As carolinas são mais redondinhas, menores.
Sua primavera começou em grande estilo! doces e flores maravilhosos.
que ela continue alegre e colorida.
um grande abraço com todo meu carinho. beijo.

Vania Lacerda disse...

Lindo seu texto! Adorei ver as palmas, que são as flores que enfeitavam a casa de minha infância. As cores variavam, mas sempre palmas, uma dúzia...
Ah, também gosto do inverno. E também do verão, da primavera, do outono... Gosto quando faz sol, e tambem quando chove!

Elba Pessanha disse...

Gente...que blog lindo!

Anita disse...

Sabe aquele momento no programa do Jô qdo o entrevistado agradou e o pessoal não quer q termine e em coro fazem: Ahhhhhhhhhhhhhh, pois é assim que me sinto qdo seus textos acabam... me pego dizendo: ahhhhhhhhhh acabou? É sério, sou fã da sua escrita, é envolvente e nos leva pra dentro da história. Mas falando de bombas, elas tbem marcaram minha infância, ficava eufórica qdo minha mãe me levava para lanchar na Confeitaria Colombo, e sempre pedia bombas, hummmmmmmmm e a sua está com uma cara deliciosa... bjs

Luma Rosa disse...

Oi, Rosana!!
Assim se constrói nossas lembranças afetivas - o cheiro, paladar e a projeção visual! Na maioria das vezes, as memórias são da nossa casa, do nosso porto seguro! Esse é o sentido da felicidade!! Beijus,

Fabiano Mayrink Isenhour disse...

Pois é Rosana nessa vida nem tudo dá certo sempre, o que não podemos nunca desanimar! :) que delicia de doce, doces com frutas são os meus prediletos! não gosto muito de doce que é extremamente doce!

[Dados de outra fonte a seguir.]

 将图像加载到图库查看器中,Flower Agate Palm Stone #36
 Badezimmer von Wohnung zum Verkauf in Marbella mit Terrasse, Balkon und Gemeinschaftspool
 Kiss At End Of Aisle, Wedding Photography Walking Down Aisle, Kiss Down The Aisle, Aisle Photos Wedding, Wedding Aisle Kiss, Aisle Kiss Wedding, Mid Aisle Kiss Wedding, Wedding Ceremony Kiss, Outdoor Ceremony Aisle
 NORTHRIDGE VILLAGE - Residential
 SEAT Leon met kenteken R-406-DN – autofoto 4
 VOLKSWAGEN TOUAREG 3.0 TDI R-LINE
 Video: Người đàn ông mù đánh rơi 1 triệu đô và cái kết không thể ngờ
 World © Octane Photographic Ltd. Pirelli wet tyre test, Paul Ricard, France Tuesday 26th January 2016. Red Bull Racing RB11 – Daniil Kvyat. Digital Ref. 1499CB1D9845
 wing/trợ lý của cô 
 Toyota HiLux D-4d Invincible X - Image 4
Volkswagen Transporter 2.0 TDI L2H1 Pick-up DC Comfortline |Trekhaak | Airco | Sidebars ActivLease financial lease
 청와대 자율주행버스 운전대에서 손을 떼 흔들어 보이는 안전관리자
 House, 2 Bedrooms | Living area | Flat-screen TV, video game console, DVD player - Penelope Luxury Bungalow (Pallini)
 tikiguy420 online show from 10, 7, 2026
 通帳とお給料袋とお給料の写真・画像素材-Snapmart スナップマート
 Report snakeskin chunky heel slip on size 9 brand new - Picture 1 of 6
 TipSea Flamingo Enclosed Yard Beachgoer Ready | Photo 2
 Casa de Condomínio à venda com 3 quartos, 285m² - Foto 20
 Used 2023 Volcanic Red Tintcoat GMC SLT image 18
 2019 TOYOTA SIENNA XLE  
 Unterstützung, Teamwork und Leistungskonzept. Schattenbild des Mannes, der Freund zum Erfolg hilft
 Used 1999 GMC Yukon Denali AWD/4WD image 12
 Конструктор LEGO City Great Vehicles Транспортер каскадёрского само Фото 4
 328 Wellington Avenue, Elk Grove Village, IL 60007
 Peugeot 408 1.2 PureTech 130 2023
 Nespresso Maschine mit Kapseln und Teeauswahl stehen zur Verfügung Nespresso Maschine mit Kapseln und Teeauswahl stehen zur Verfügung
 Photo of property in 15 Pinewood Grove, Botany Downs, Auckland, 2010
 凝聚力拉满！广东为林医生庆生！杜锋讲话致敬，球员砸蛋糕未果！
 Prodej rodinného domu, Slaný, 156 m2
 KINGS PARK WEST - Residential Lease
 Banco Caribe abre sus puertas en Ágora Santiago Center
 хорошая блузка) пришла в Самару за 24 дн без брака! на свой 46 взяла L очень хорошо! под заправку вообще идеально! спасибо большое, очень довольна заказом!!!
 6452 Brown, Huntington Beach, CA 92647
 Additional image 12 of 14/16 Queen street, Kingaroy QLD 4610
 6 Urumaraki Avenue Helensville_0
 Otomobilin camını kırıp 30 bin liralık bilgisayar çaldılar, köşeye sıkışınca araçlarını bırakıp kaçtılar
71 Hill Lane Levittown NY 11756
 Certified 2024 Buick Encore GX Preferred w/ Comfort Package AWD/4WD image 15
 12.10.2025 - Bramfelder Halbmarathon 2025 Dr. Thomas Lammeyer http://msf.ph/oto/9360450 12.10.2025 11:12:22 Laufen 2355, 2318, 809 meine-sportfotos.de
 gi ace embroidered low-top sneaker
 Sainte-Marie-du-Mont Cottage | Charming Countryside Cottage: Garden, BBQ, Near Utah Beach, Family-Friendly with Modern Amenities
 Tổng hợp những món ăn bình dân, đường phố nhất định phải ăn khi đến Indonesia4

Solange Fernandes disse...

É aprimavera me lembra morangos também. Lembro de uma vizinha que tinha plantado nos fundos de casa. Sempre que ia buscar temperos para minha mãe nesta época, os pés de morangos estavam vermelhos e carregados.
Passamos por sufoco nos últimos dias, mas graças a tantas orações, o pior passou. Obrigada pelo carinho, também te considero uma amiga próxima.
Vou ter que passar uns dias do teu lado do rio. Até passar a catapora, e voltar para minha casa.Bjs

Ana disse...

Oi Rosana!

Seu blog é uma delícia,cada receit hummmm...,parabéns!

Um belo fim de semana,t+!

Taia Assunção disse...

Estou lendo seus textos e sorrindo...tamanha doçura. De vez em quando, o chef do restaurante do condomínio faz bomba...uma delícia. A igreja no dia do meu casamento, foi decorada com palmas brancas, coisa mais querida. Tão bom relembrar...beijocas doces.